Bound Park Date Actual Wait (min) Posted Wait (min)
Min 2015-01-01 -92918 0
Max 2021-12-28 217 300

The minimum actual wait time of -92,918 minutes is an obvious data error. Strip it before doing anything else.

Show code
seven_dwarfs_train <- seven_dwarfs_train |>
  filter(wait_minutes_actual >= 0 | is.na(wait_minutes_actual))

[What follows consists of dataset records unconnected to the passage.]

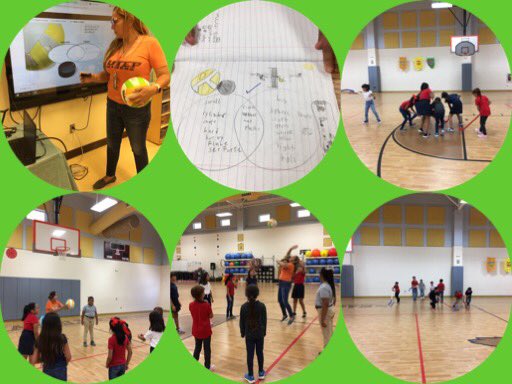 bgsoria15's tweet photo. A multimodal Science lesson.on properties of matter. Compare and contrast a hockey puck to a volleyball @fmeeagles #funlearnig #UtepEducationCollege https://t.co/WrKrUYdt47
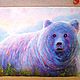 Заказать Bear Painting ORIGINAL OIL PAINTING on Canvas, Montana Animal Painting. Vkusnye Kartiny. Ярмарка Мастеров. . Pictures Фото №3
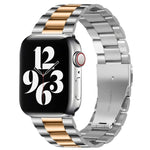 Apple Watch Series 10 42mm / 9&8&7 41mm / SE 3&SE 2&6&SE&5&4 40mm / 3&2&1 38mm용 접이식 버클 3 비즈 스테인리스 스틸 시계 밴드
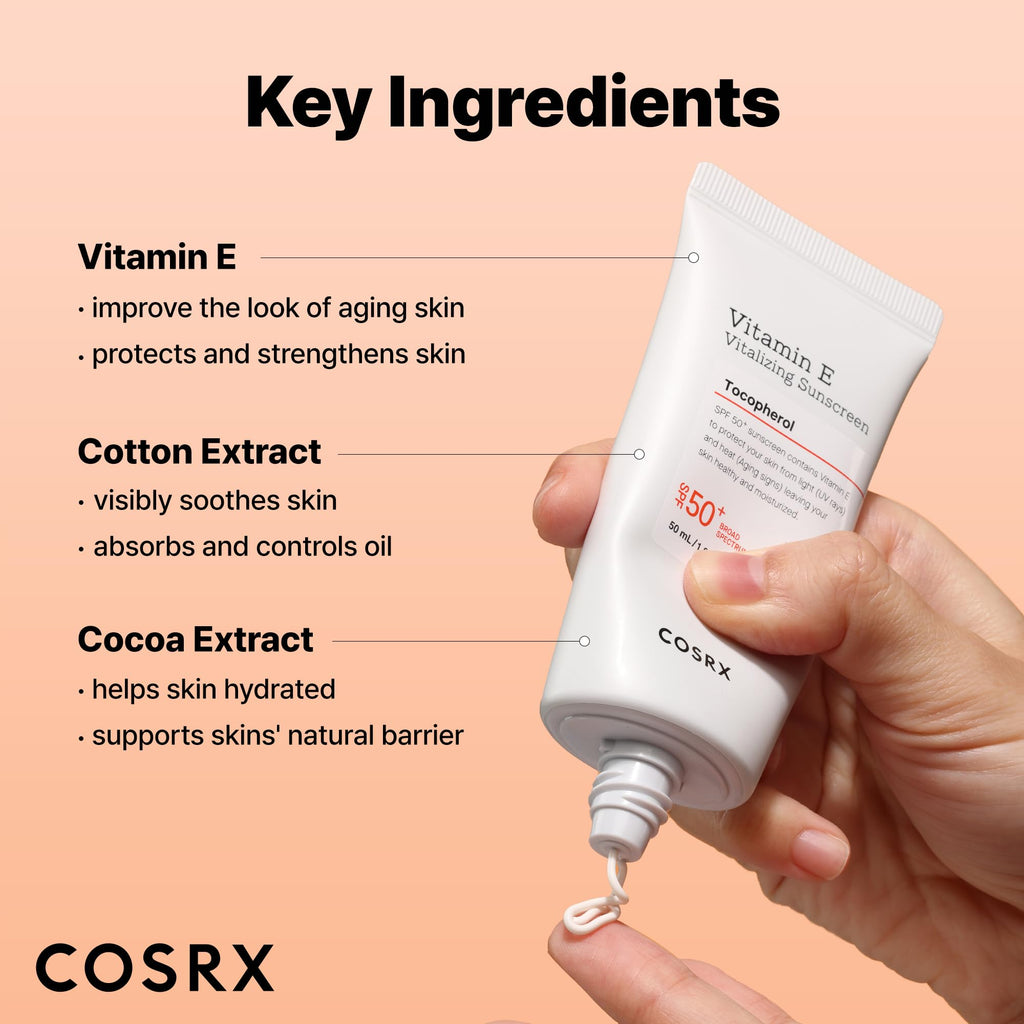 COSRX Vitamin E Vitalizing Sunscreen,SPF 50 Broad Spectrum Face Sunscreen, Lightweight - FENGGESTORE20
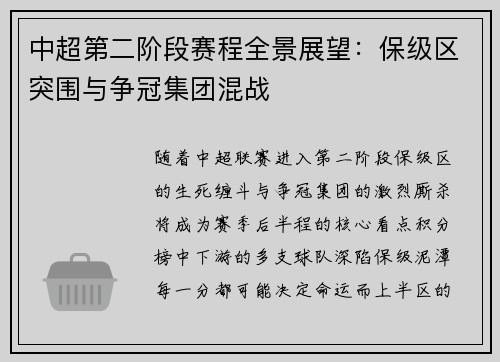 中超第二阶段赛程全景展望：保级区突围与争冠集团混战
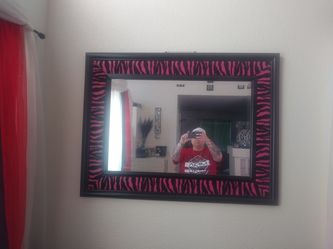 Large zebra pink n black mirror
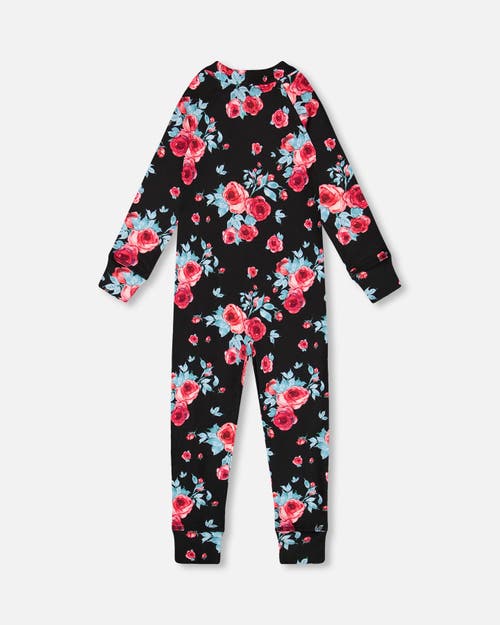 Shop Deux Par Deux Baby Girl's One Piece Thermal Underwear Black Printed Roses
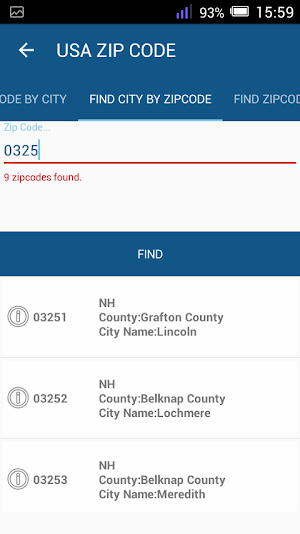 USA Zip Code Screenshot 2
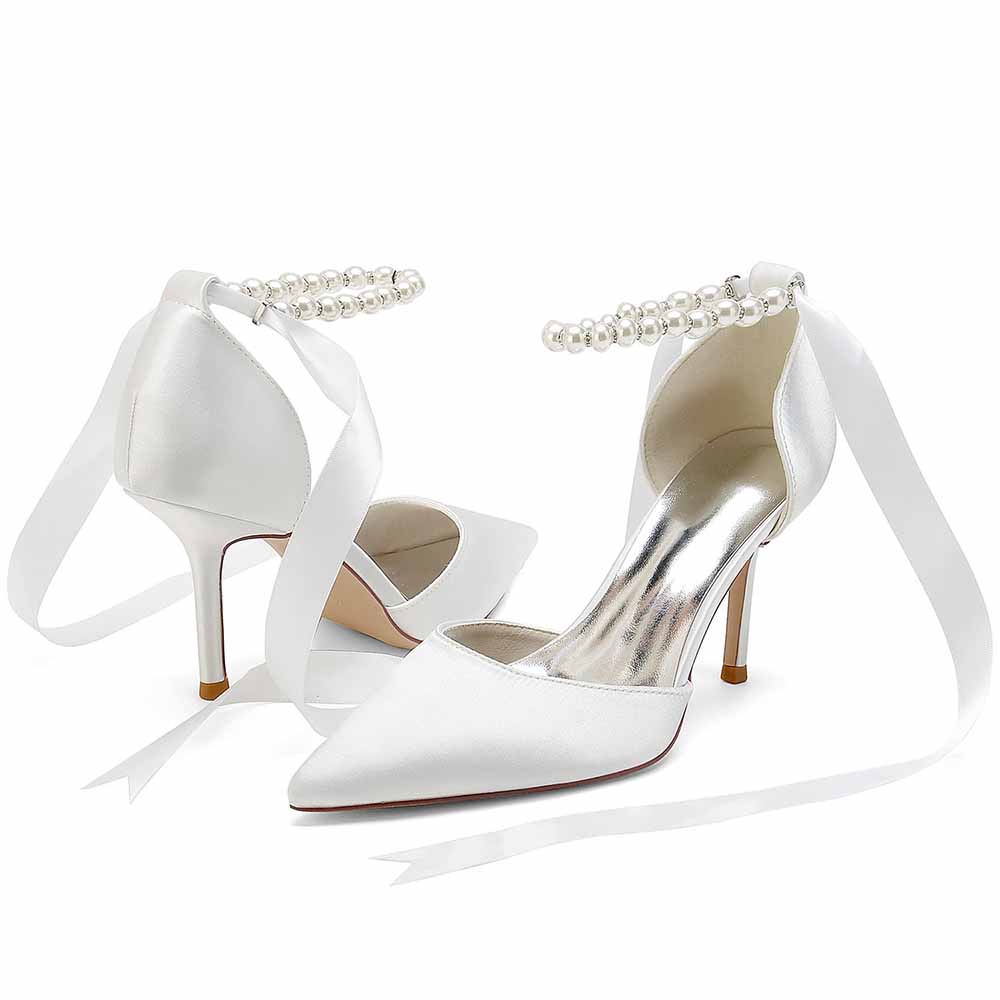 Bride Heels Satin Ankle Strap Pumps With Pearls Party Heel Shoes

Posted wait times are always multiples of 5, which is a useful sanity check:

Show code
seven_dwarfs_train |>
  pull(wait_minutes_posted) |>
  unique() |>
  sort() |>
  matrix(nrow = 5) |>
  as.data.frame() |>
  kbl(col.names = NULL) |>
  kable_styling(
    bootstrap_options = c("condensed"),
    full_width = FALSE
  )
Table 8.5: Unique posted wait time values (minutes). All are multiples of 5.
0 25 50 75 100 125 150 175 200 225 260
5 30 55 80 105 130 155 180 205 230 270
10 35 60 85 110 135 160 185 210 235 280
15 40 65 90 115 140 165 190 215 240 300
20 45 70 95 120 145 170 195 220 250 0

The two wait time distributions look quite different. Actual times are shorter on average and roughly right-skewed; posted times are discretized to 5-minute increments and slightly heavier in the right tail.

Show code
seven_dwarfs_train |>
  pivot_longer(
    starts_with("wait_minutes"),
    names_to = "wait_type",
    values_to = "wait_minutes"
  ) |>
  mutate(
    wait_type = case_when(
      wait_type == "wait_minutes_actual" ~ "Actual",
      wait_type == "wait_minutes_posted" ~ "Posted"
    )
  ) |>
  ggplot(aes(wait_minutes, fill = wait_type)) +
  geom_density(color = NA, alpha = 0.85) +
  facet_wrap(~wait_type, scales = "free_y") +
  scale_fill_okabe_ito() +
  labs(
    x = "Wait time (minutes)",
    y = "Density",
    fill = "Wait type",
    title = "Posted vs. Actual Wait Times",
    subtitle = "Seven Dwarfs Mine Train, all years"
  ) +
  theme_minimal(base_size = 13) +
  theme(legend.position = "none")
Two density plots side by side showing posted and actual wait time distributions.
Figure 8.1: Distribution of posted and actual wait times for the Seven Dwarfs Mine Train. Posted times are rounded to 5-minute increments, while actual times are shorter on average and less discretized.

7.2 The Causal Question

The causal question driving the next several chapters is:

Does having Extra Magic Hours in the morning at Magic Kingdom causally increase the average posted wait time for the Seven Dwarfs Mine Train between 9 AM and 10 AM on the same day in 2018?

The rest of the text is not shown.